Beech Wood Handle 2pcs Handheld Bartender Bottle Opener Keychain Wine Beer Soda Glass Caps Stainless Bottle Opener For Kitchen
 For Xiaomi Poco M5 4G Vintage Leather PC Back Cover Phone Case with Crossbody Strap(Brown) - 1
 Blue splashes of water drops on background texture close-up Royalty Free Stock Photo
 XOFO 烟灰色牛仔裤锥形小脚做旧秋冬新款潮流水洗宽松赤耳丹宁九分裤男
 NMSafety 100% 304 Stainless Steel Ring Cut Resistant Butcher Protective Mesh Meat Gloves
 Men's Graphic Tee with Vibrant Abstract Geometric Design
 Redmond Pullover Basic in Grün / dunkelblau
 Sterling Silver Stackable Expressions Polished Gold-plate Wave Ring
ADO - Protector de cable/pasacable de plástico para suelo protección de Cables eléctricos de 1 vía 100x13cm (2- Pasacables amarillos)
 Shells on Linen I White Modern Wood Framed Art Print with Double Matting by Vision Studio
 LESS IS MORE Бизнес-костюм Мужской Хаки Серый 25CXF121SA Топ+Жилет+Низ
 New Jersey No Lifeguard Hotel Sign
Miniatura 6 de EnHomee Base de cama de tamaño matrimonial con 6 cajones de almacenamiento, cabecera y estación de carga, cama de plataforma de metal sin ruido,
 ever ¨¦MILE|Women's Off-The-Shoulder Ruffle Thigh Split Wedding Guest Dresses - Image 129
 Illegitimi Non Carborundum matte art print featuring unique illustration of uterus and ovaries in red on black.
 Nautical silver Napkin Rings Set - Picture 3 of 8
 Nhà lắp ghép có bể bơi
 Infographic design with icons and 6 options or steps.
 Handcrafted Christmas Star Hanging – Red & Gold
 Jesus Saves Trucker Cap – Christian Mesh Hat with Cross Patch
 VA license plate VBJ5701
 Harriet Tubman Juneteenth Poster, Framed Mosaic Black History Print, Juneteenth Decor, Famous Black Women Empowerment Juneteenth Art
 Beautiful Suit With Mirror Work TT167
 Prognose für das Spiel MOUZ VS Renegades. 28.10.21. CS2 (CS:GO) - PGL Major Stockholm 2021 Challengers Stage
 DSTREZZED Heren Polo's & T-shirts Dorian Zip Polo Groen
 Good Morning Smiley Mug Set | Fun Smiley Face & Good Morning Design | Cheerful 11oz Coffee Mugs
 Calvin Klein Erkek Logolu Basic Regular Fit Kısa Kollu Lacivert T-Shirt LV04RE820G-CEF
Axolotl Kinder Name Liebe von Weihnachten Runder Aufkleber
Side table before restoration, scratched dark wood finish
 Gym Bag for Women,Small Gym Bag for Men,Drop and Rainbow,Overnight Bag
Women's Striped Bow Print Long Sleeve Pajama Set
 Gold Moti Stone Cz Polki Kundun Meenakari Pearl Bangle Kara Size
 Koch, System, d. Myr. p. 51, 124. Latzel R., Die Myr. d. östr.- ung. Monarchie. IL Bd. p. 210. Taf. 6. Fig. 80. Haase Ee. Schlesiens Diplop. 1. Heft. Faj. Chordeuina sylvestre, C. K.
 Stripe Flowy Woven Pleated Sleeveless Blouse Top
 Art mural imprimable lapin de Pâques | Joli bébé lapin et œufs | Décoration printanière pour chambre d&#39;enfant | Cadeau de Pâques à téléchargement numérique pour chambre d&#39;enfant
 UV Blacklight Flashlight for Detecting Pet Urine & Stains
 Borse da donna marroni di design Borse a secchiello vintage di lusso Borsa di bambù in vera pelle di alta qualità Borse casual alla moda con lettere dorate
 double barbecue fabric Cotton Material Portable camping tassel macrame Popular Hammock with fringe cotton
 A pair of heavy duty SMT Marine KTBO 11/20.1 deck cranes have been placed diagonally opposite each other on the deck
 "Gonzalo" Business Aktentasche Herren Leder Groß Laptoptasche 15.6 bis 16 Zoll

### WHAT THE TASK ASKS
Copy out, exactly and alone, the lines of the entries above between the ones holding "ever ¨¦MILE|Women's Off-The-Shoulder" and "Beautiful Suit With Mirror Work TT167", inclusive.

### COMPLETED EXERCISE
 ever ¨¦MILE|Women's Off-The-Shoulder Ruffle Thigh Split Wedding Guest Dresses - Image 129
 Illegitimi Non Carborundum matte art print featuring unique illustration of uterus and ovaries in red on black.
 Nautical silver Napkin Rings Set - Picture 3 of 8
 Nhà lắp ghép có bể bơi
 Infographic design with icons and 6 options or steps.
 Handcrafted Christmas Star Hanging – Red & Gold
 Jesus Saves Trucker Cap – Christian Mesh Hat with Cross Patch
 VA license plate VBJ5701
 Harriet Tubman Juneteenth Poster, Framed Mosaic Black History Print, Juneteenth Decor, Famous Black Women Empowerment Juneteenth Art
 Beautiful Suit With Mirror Work TT167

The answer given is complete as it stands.